◆ **Exercise details**:
Copy the listing below exactly, but skip the pictures.

◆ **Raw data**:

┏━━

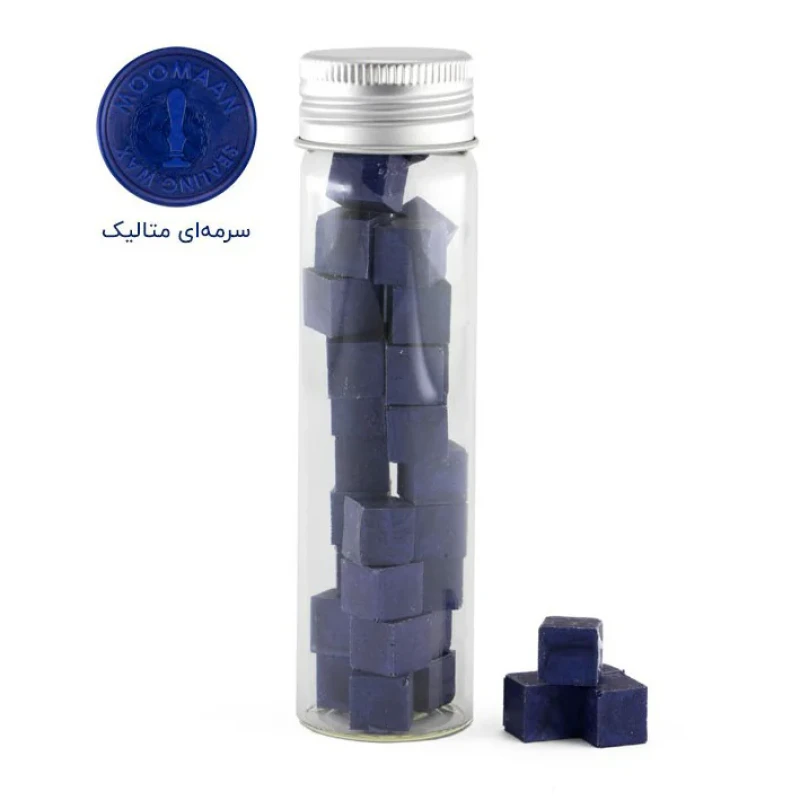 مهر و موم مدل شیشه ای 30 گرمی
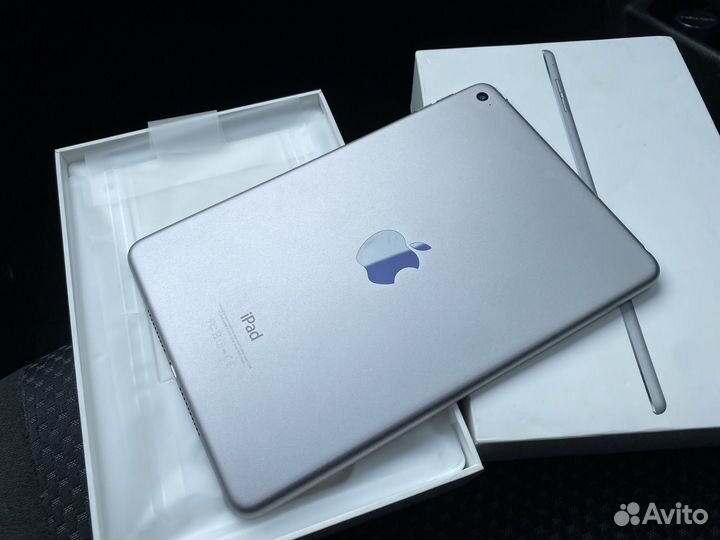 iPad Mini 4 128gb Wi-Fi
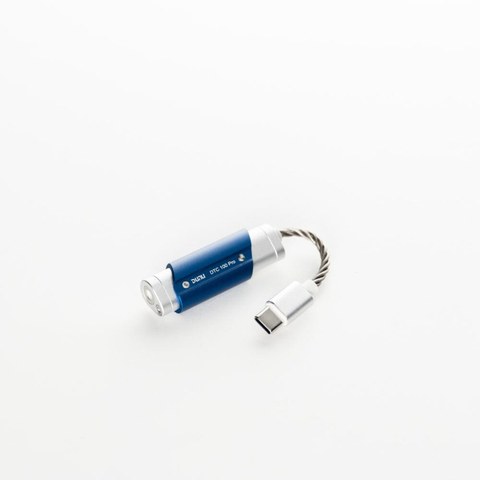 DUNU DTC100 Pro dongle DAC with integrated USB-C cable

┗━━

◆ **Response box**:
 مهر و موم مدل شیشه ای 30 گرمی
 iPad Mini 4 128gb Wi-Fi
 DUNU DTC100 Pro dongle DAC with integrated USB-C cable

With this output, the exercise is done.